New strains could evolve
Early on in the pandemic, scientists discovered that the immunocompromised tend to suffer from particularly long and severe COVID infections with prolonged periods of infectiousness.
In addition, work done by scientists in Durban has shown how COVID can mutate inside the bodies of those with untreated HIV. In one case, they traced a coronavirus sample to a 36-year-old HIV patient who was struggling to adhere to her antiretroviral treatment regime. Over the course of her seven-month COVID infection, the virus acquired 32 mutations.
The risk is clear. New variants of concern could evolve – and be transmitted – by those with weakened immune systems.
“It means a major reorganisation of the health service because these people are difficult to find. How do you make the diagnosis in these people?
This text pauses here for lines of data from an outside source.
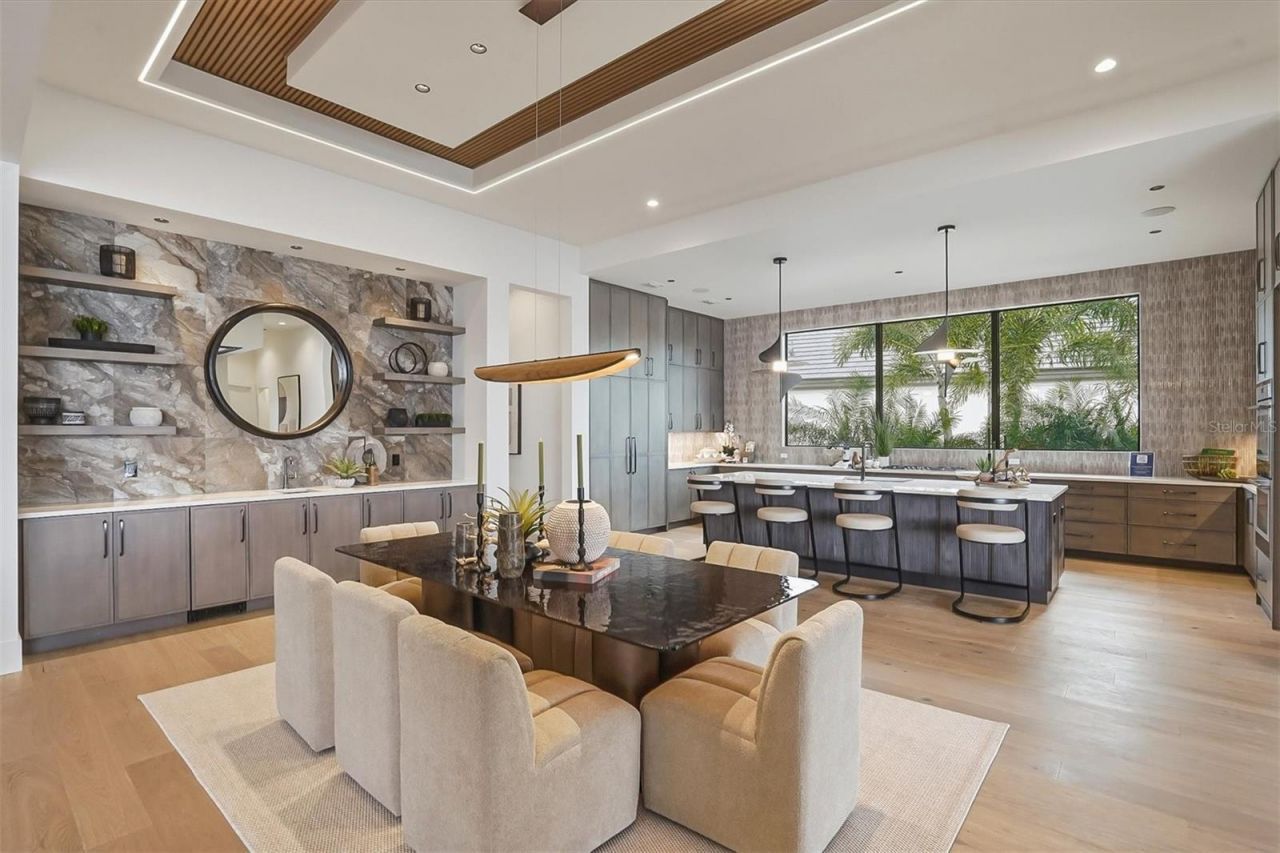 262 Crystal Waters Drive, Sarasota, FL 34240 Photo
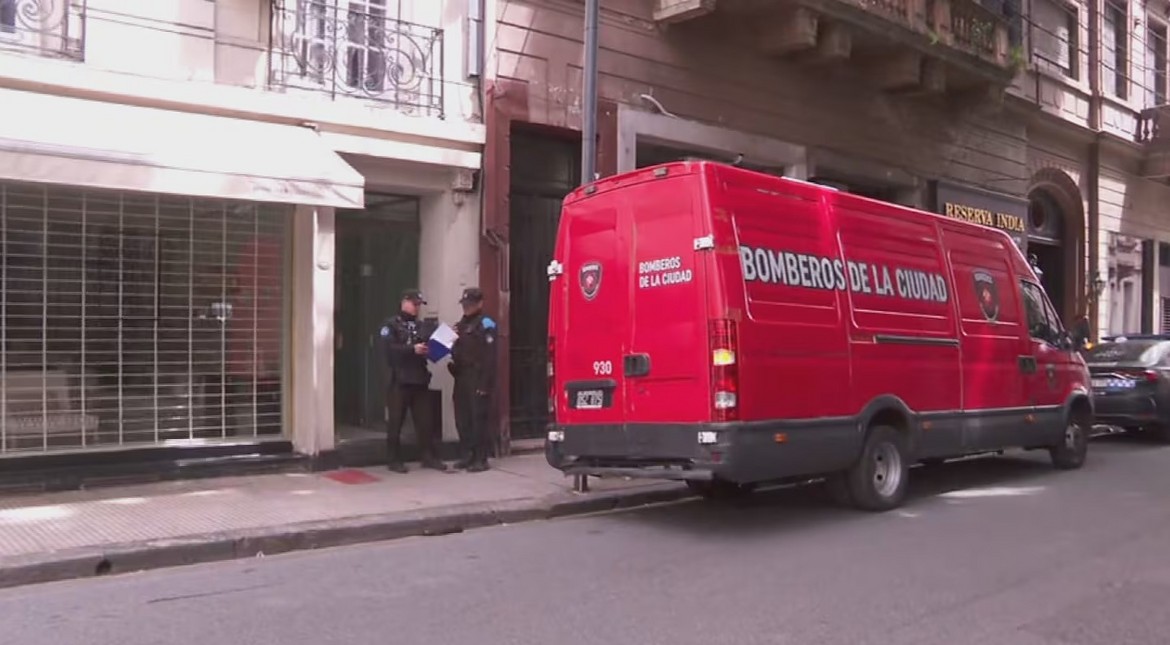 Iba a tener un encuentro sexual con un cliente y apareció muerta en un departamento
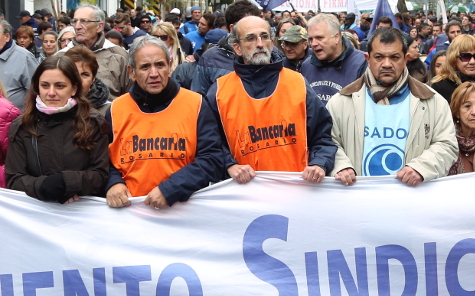 Palazzo pide un paro de todas las centrales sindicales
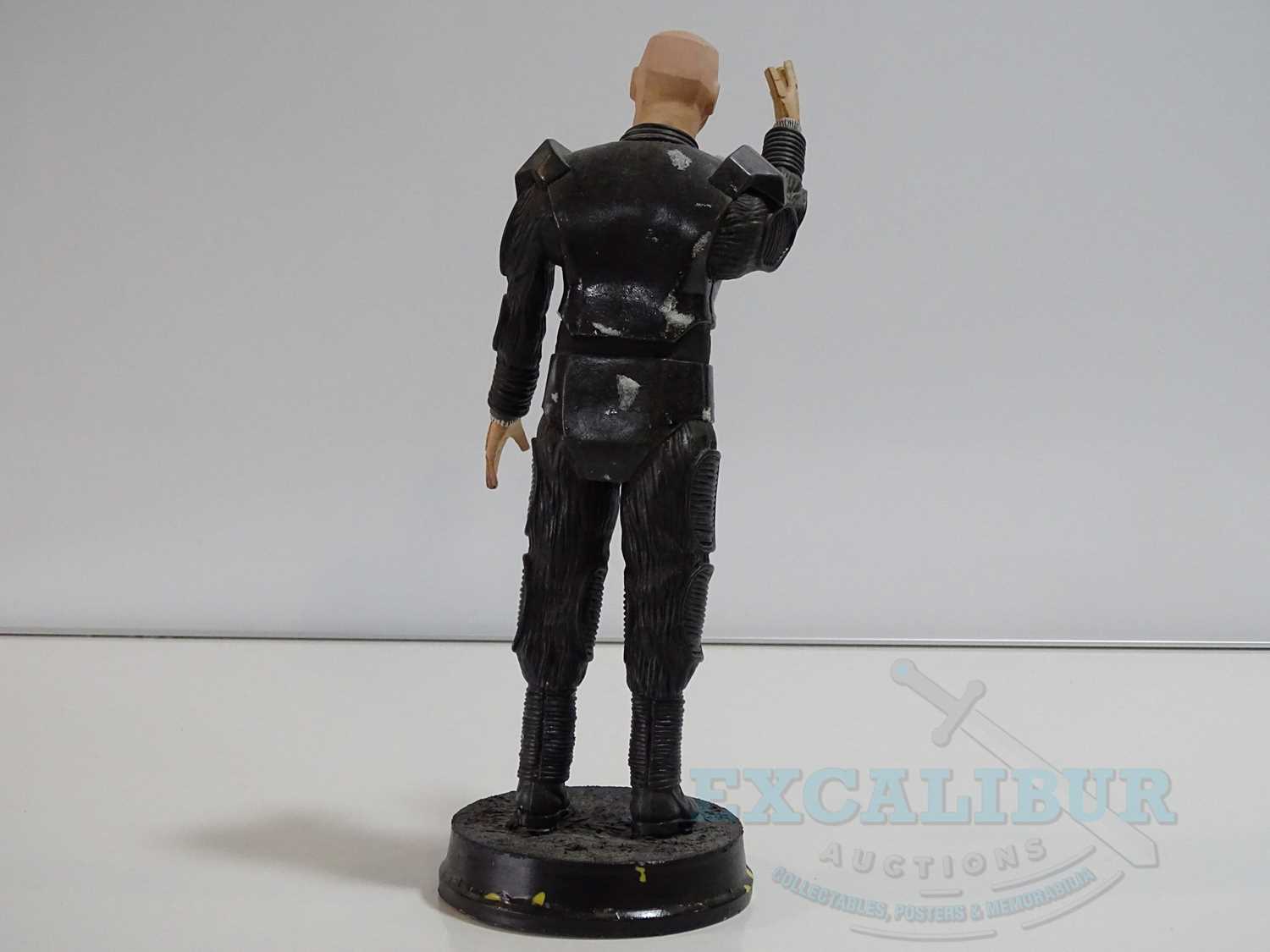 RED DWARF - A unique handmade resin of Robert Llewellyn as Kryten made by John Pilkington (1 in - Image 2 of 2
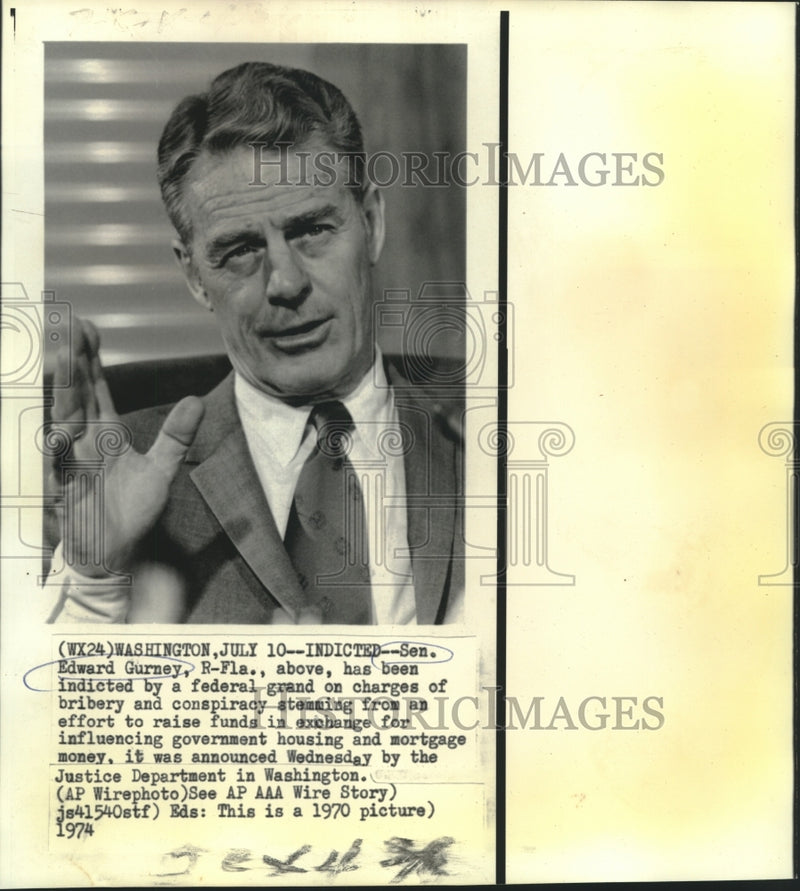 Load image into Gallery viewer, 1970 Press Photo Senator Edward Gurney Republican of Florida - now05114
But that is where modern medicine has to take us, rapidly,” says Dr Fareed Abdullah.
In a town called Klerksdorp in South Africa’s North West Province, health workers are trying to re-establish contact with dozens of HIV patients who have fallen off the local health authority’s radar.
‘I was so sick’
A 40-year-old woman called Sylvia van Wyk stopped taking antiretroviral tablets two years ago – and when she picked up COVID, she couldn’t get rid of it.
“I was so sick, I couldn’t do nothing, nothing at all, my mum was there for me, she was washing me, feeding me, I couldn’t do nothing for myself, nothing,” she said.
Sylvia had COVID for three agonising months but when she re-started her HIV treatment, her body fought the virus off.
“Why did you stop taking (your antiretrovirals)?” I asked.
“Truly speaking, I was entertaining too much, I was entertaining, I wasn’t taking care of my health,” she said.
South African scientists warn that it is crucial that people like Sylvia continue to take their HIV treatments for fear of the development of some, “really nasty variants,” in the words of one leading figure.
It will require a determined pivot from an already-exhausted health service but our collective health may depend on it.